The sum of the squares of the first ten natural numbers is,

$$1^2 + 2^2 + \ldots + 10^2 = 385$$

The square of the sum of the first ten natural numbers is,

$$(1 + 2 + \ldots + 10)^2 = 55^2 = 3025$$

Hence the difference between the sum of the squares of the first ten natural numbers and the square of the sum is 3025 -- 385 = 3640.

Find the difference between the sum of the squares of the first one hundred natural numbers and the square of the sum.

– Project Euler Problem 6

So, apparently my brother has joined me on my Project Euler solving quest. You can see his Delphi solution on his blog. My C# solution, you can find below 🙂

Solution

This problem is quite straight forward so I turned to Linq and used some obvious brute force:

var numbers = Enumerable.Range(1, 100); var answer = numbers.Sum() *
numbers.Sum() - numbers.Aggregate(0, (sum, n) => sum + n * n);

This gives the answer, in 0 ms, around 2-3000 ticks.

Take 2

However, my brother went further and found some pretty smart optimizations. Had to have a look at those of course and see if I could make sense of those too. It all boils down to expansion of power summations.

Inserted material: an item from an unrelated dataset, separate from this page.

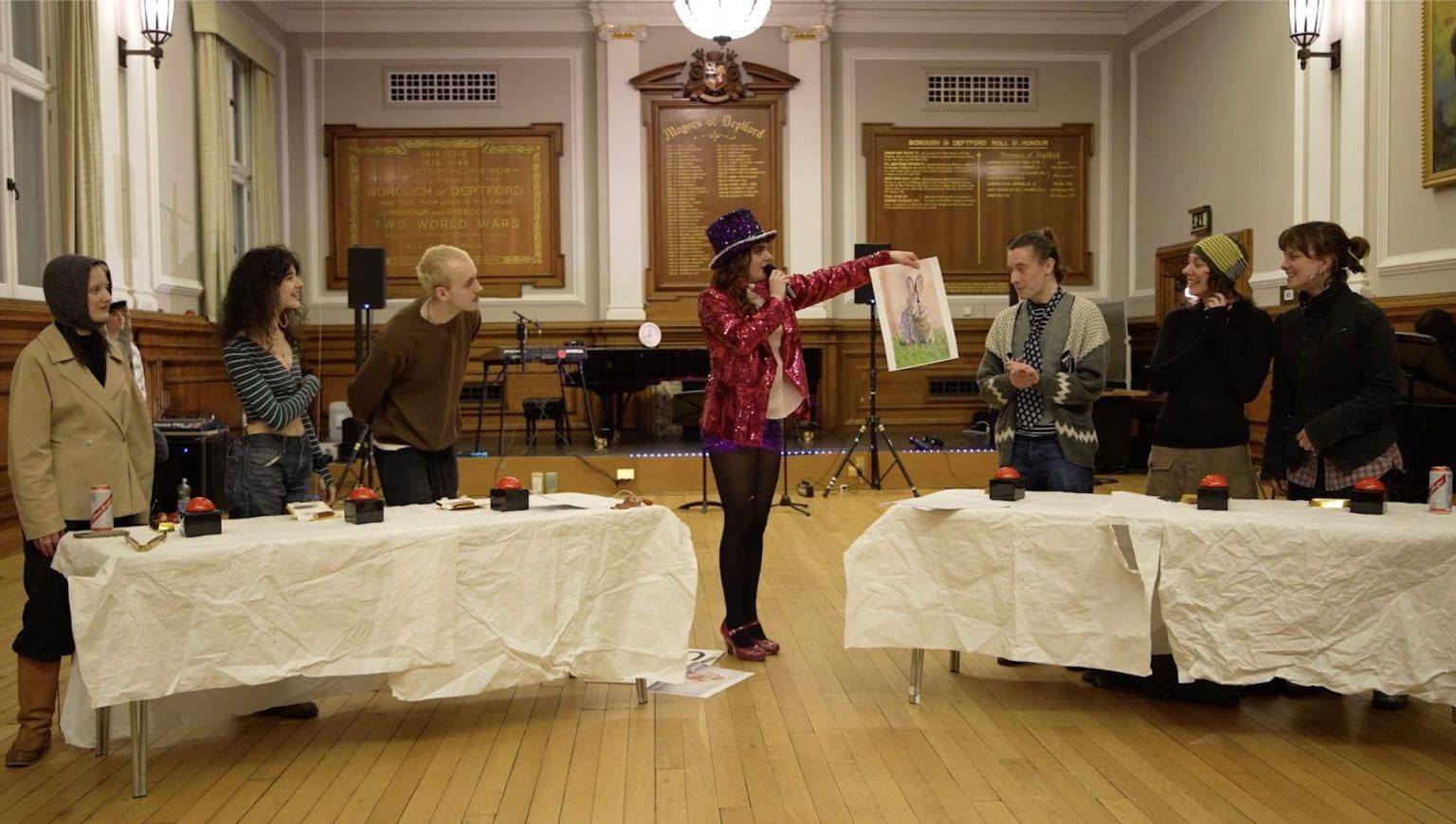 Female Performer in top hat, sequinned jacket and high heels MCs panel of guests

$$\sum\limits_{(k = 1)}^n k^m$$

The Euler problem we are trying to solve here can be described mathematically like this:

$$\left(\sum\limits_{(k = 1)}^{100}k\right)^2 - \sum\limits_{(k = 1)}^{100} k^2$$

In other words, the answer can be found very easily if we have the formulas for m=1 and m=2. And that we do:

$$\begin{align*} \sum\limits_{k=1}^n k &= 1+2+3+\ldots+n=\frac{n^2+n}{2}=\frac{1}{2}n^2+\frac{1}{2}n \\ \sum\limits_{k=1}^n k^2 &= 1+4+9+\ldots+n^2 = \frac{n(n+1)(2n+1)}{6} = \frac{1}{3}n^3+\frac{1}{2}n^2+\frac{1}{6}n \end{align*}$$

Turning those into two C# methods is quite easy and we can find our answer like so:

static ulong SumExpansion1(ulong n)
{
    return (n * n + n) / 2;
}

static ulong SumExpansion2(ulong n)
{
    return n * (n + 1) * (2 * n + 1) / 6;
}

var answer = SumExpansion1(100) * SumExpansion1(100) - Numbers.SumExpansion2(100);

That also takes 0 ms, but we are down to around 2-300 ticks. So, compared to the brute force solution, this only takes 10% of the time. Awesome ^_^

Take 2.5

The formula can actually be simplified a bit if we bring out our math skills. Not that my math skills really deserve being called skills, but anyways 😛

$$\begin{align*} \left(\sum\limits_{k=1}^{100}k\right)^2 - \sum\limits_{k=1}^{100} k^2 &= \left(\frac{n^2}{2}+\frac{n}{2}\right)^2 - \left(\frac{n^3}{3}+\frac{n^2}{2}+\frac{n}{6}\right) \\ &= \Bigl(\frac{n^2}{2}\Bigr)^2 + 2\Bigl(\frac{n^2}{2}\Bigr)\Bigl(\frac{n}{2}\Bigr) + \Bigl(\frac{n}{2}\Bigr)^2 - \Bigl(\frac{n^3}{3}\Bigr) - \Bigl(\frac{n^2}{2}\Bigr) - \Bigl(\frac{n}{6}\Bigr) \\ &= \frac{n^4}{4} + \frac{2n^3}{4} + \frac{n^4}{4} - \frac{n^3}{3} - \frac{n^2}{2} - \frac{n}{6} \\ &= \frac{3n^4+2n^3-3n^2-2n}{12} \end{align*}$$

Now, our answer can be found like this:

const ulong n = 100;
var answer =  (3*n*n*n*n + 2*n*n*n - 3*n*n - 2*n) / 12;

Which, compared to take 2, takes about half the time. Around 150 ticks. 😎

Alright... done with this one now...